START SOURCE MATERIAL

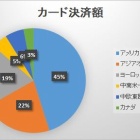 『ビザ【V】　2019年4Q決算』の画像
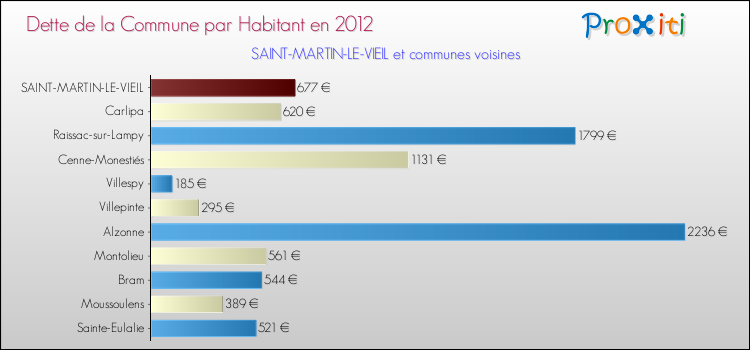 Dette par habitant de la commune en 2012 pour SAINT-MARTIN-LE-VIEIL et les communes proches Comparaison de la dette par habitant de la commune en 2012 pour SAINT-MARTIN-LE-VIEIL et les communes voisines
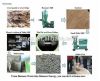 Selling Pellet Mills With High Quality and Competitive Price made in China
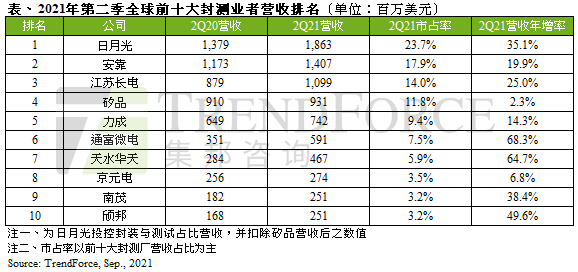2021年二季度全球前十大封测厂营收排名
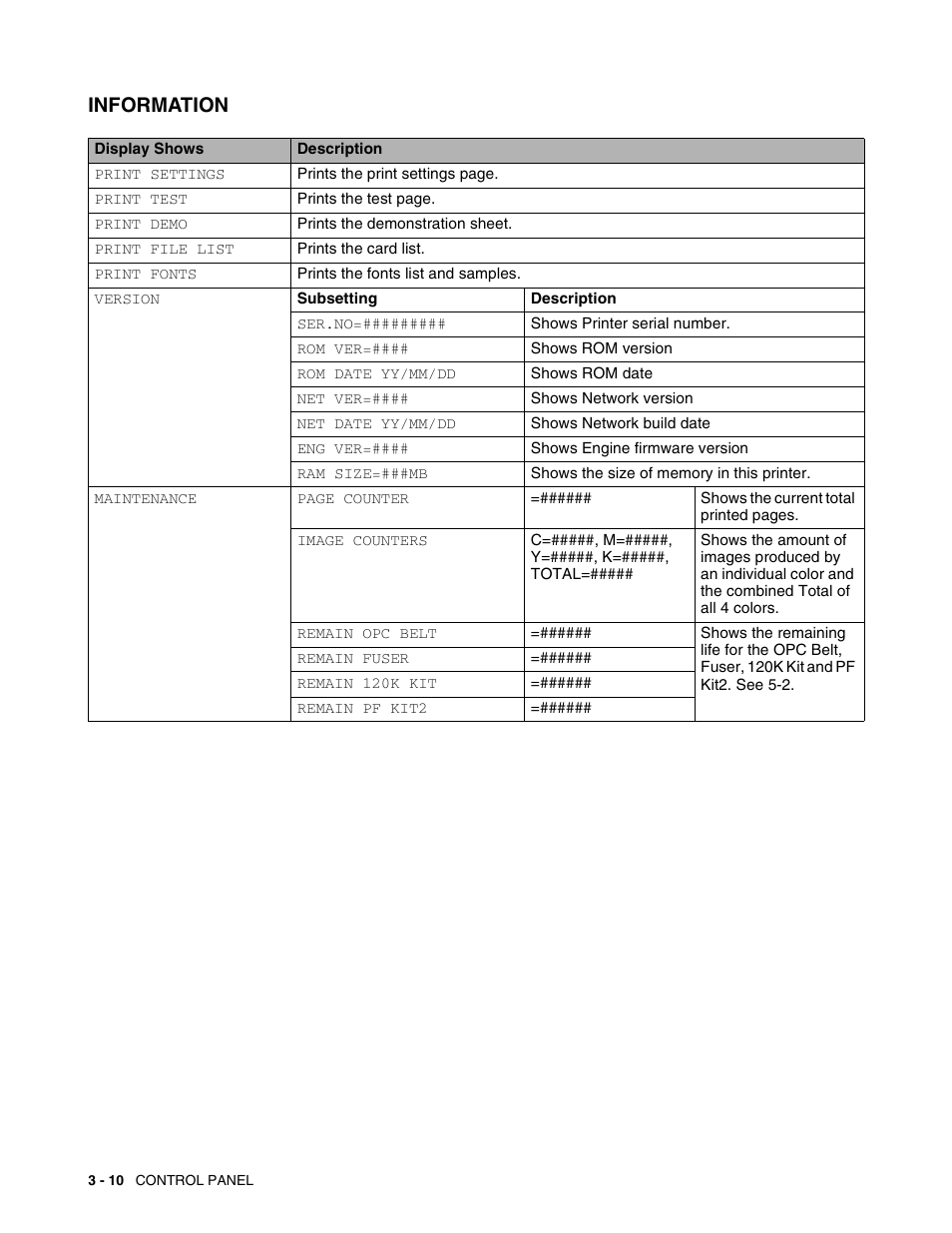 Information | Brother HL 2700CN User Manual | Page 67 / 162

END SOURCE MATERIAL

** PROBLEM TO WORK ON **
Only the lines from the one containing "2021年二季度全球前十大封测厂营收排名" through the last line of the entries, both included, should be repeated exactly, and the pictures should be left out.

** WRITTEN ANSWER **
2021年二季度全球前十大封测厂营收排名
 Information | Brother HL 2700CN User Manual | Page 67 / 162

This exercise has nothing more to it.